Project coverage is 91.08%. Comparing base (f1d2809) to head (bfce08a).
Report is 2 commits behind head on 7.x.

Additional details and impacted files

@@             Coverage Diff              @@
##                7.x     #874      +/-   ##
============================================
+ Coverage     91.05%   91.08%   +0.02%     
+ Complexity     1596     1589       -7     
============================================
  Files           156      156              
  Lines          4418     4407      -11     
============================================
- Hits           4023     4014       -9     
+ Misses          395      393       -2

tonysilva16 · 2024-04-17T20:56:02Z

Hi jeromegamez,

I wonder if we need to check if curl lib supports http2 like here

https://github.com/microsoftgraph/msgraph-sdk-php/pull/818/files#diff-849151e7b2ea35fbfeca79419f39a80ebc43ed0c66cd50f309db361f7682c4a9R548

Thank you.

jeromegamez · 2024-04-17T21:42:32Z

HTTP/2 support has been available since cURL 7.47, released in 2016... although PHP 8.x requires just cURL 7.29, I think it's safe to assume that current OSes ship with supported cURL releases. I'd rather not add a check related to a downstream library 🤔

jeromegamez · 2024-04-17T23:23:34Z

Hm. I just tried sending 100 messages with the following script, and ran into errors myself once I tried it with more than ~75 messages:

<?php

use Kreait\Firebase\Factory;
use Kreait\Firebase\Messaging\CloudMessage;

$factory = (new Factory())
    ->withServiceAccount('/path/to/my/service_account.json')
;

$messaging = $factory->createMessaging();

$message = CloudMessage::fromArray([
    'notification' => [
        'title' => 'Hello World!',
        'body' => 'Hello World!',
    ]
]);

$targets = array_fill(0, 70, "<device token>");

$results = $messaging->sendMulticast($message, $targets);

dump($results->successes()->count());
dump($results->failures()->count());

When it works (with fewer messages), and I enable debug for the requests, I see something like

[...]
* Connection cache is full, closing the oldest one
* Connection #61 to host fcm.googleapis.com left intact
< HTTP/2 200
< content-type: application/json; charset=UTF-8
< vary: X-Origin
< vary: Referer
< vary: Origin,Accept-Encoding
< date: Wed, 17 Apr 2024 23:20:18 GMT
< server: scaffolding on HTTPServer2
< cache-control: private
< x-xss-protection: 0
< x-frame-options: SAMEORIGIN
< x-content-type-options: nosniff
< alt-svc: h3=":443"; ma=2592000,h3-29=":443"; ma=2592000
< accept-ranges: none
<
* Connection cache is full, closing the oldest one
* Connection #69 to host fcm.googleapis.com left intact
^ 68
^ 2

It seems that the connection isn't kept alive/reused after all, so I'll need to continue working on this and explore if the situation can be ameliorated with a Guzzle Pools and a (configurable) concurrency.
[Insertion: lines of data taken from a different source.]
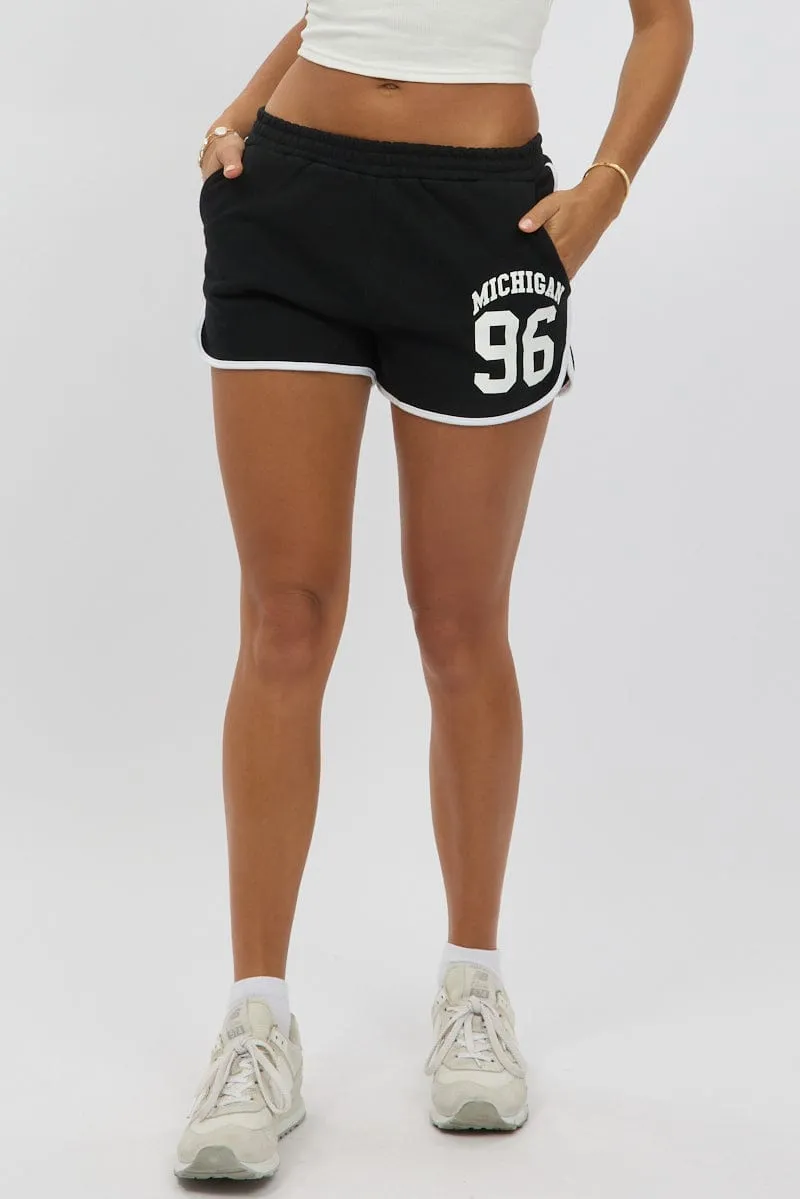 Active Style Black Track Shorts High Rise Elastic Waist
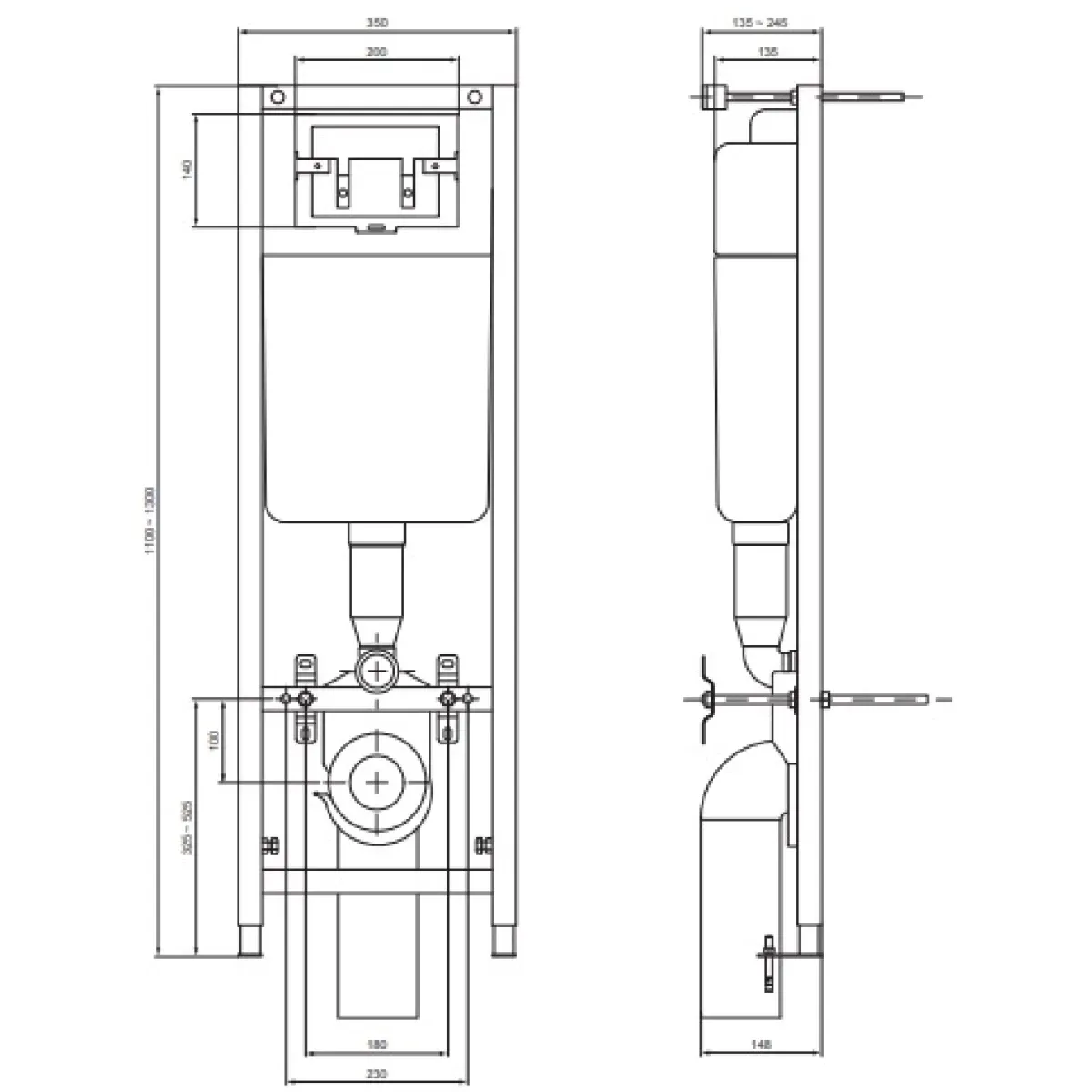 Инсталляция для унитаза Vidima W3714AA с кнопкой смыва, хром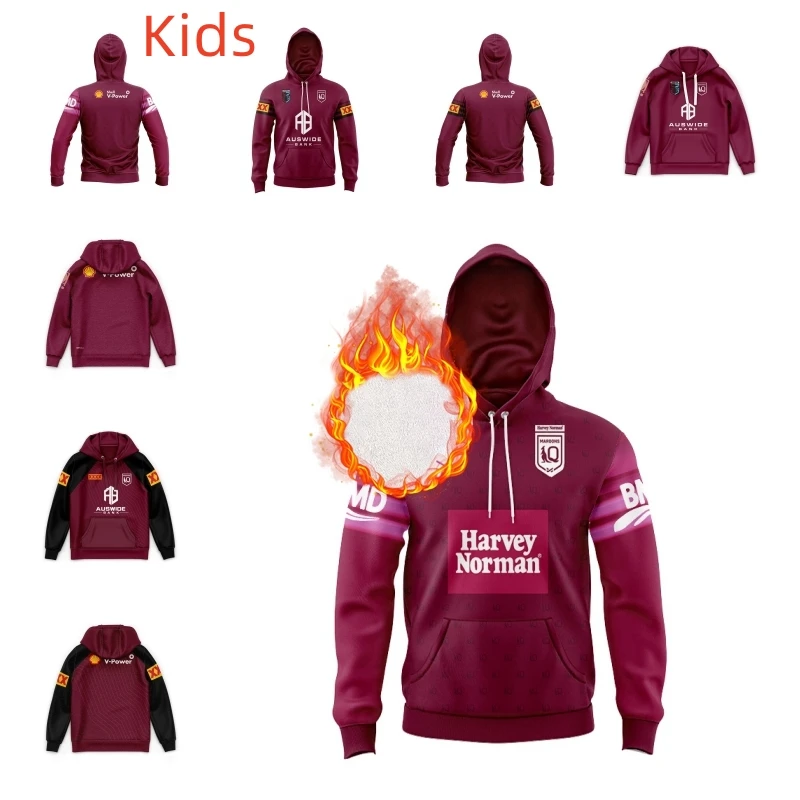 

2023 QLD Maroons Indigenous Kids Hoodies 2023/24 QUEENSLAND MAROONS STATE OF ORIGIN COMMEMORATIVE ANZAC TRAINING JERSEY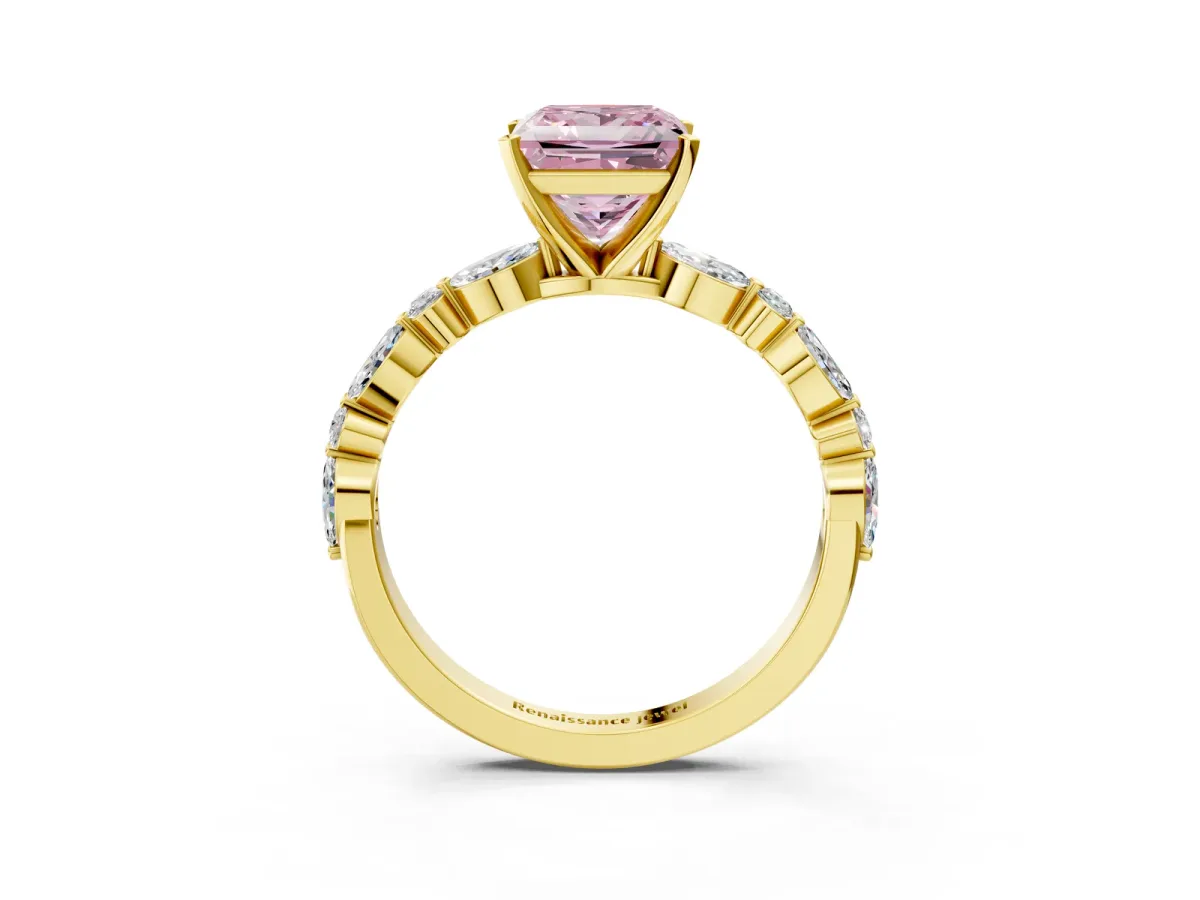 Fancy Pink Princess Cut Diamond Ring with Marquise and Round Side Stones and Four-Prong Setting Yellow gold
tonysilva16 · 2024-04-19T15:51:31Z

I tested this locally sending invalid tokens (token1, token2, token3...) to a valid project and i cannot replicate this issue.
I can test this again using other method. Should i use a valid service account with a valid tokens and just duplicate them to try replicate this issue?

<<<<<<<<
HTTP/2 400 Bad Request
vary: X-Origin, Referer, Origin,Accept-Encoding
content-type: application/json; charset=UTF-8
date: Thu, 18 Apr 2024 08:29:55 GMT
server: scaffolding on HTTPServer2
cache-control: private
x-xss-protection: 0
x-frame-options: SAMEORIGIN
x-content-type-options: nosniff
alt-svc: h3=":443"; ma=2592000,h3-29=":443"; ma=2592000
accept-ranges: none

{
  "error": {
    "code": 400,
    "message": "The registration token is not a valid FCM registration token",
    "status": "INVALID_ARGUMENT",
    "details": [
      {
        "@type": "type.googleapis.com/google.firebase.fcm.v1.FcmError",
        "errorCode": "INVALID_ARGUMENT"
      }
    ]
  }
}

jeromegamez · 2024-04-20T23:13:13Z

Okay, I could make it work and send 1500 messages in ~5 seconds, without running into failures.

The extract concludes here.